YOUR TASK:
Reproduce, exactly and only, the lines of the data that follows from the one containing "Alright so we" down to the one containing "Hello dear students, this", without pictures.

DATA BELOW:
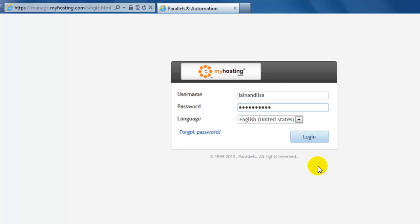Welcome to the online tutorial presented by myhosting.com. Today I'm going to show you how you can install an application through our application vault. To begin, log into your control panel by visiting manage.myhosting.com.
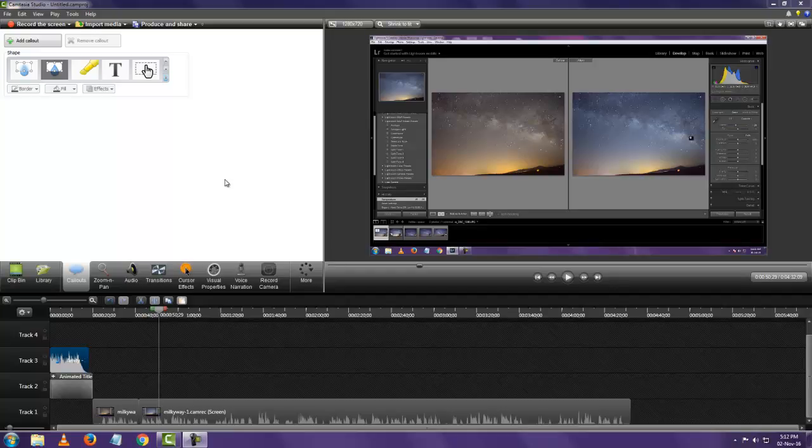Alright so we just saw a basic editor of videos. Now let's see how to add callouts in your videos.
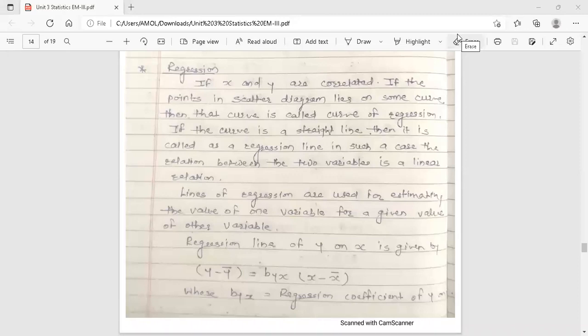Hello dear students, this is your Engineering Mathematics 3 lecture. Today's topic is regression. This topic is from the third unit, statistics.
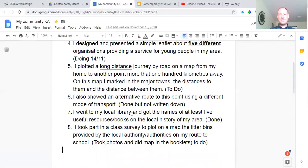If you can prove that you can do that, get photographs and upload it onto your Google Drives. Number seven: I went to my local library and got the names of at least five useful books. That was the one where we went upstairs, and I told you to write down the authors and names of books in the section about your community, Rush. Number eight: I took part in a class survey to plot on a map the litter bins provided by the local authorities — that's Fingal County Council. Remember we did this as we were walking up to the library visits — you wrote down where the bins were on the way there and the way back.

RESPONSE FOR THIS EXERCISE:
Alright so we just saw a basic editor of videos. Now let's see how to add callouts in your videos.
Hello dear students, this is your Engineering Mathematics 3 lecture. Today's topic is regression. This topic is from the third unit, statistics.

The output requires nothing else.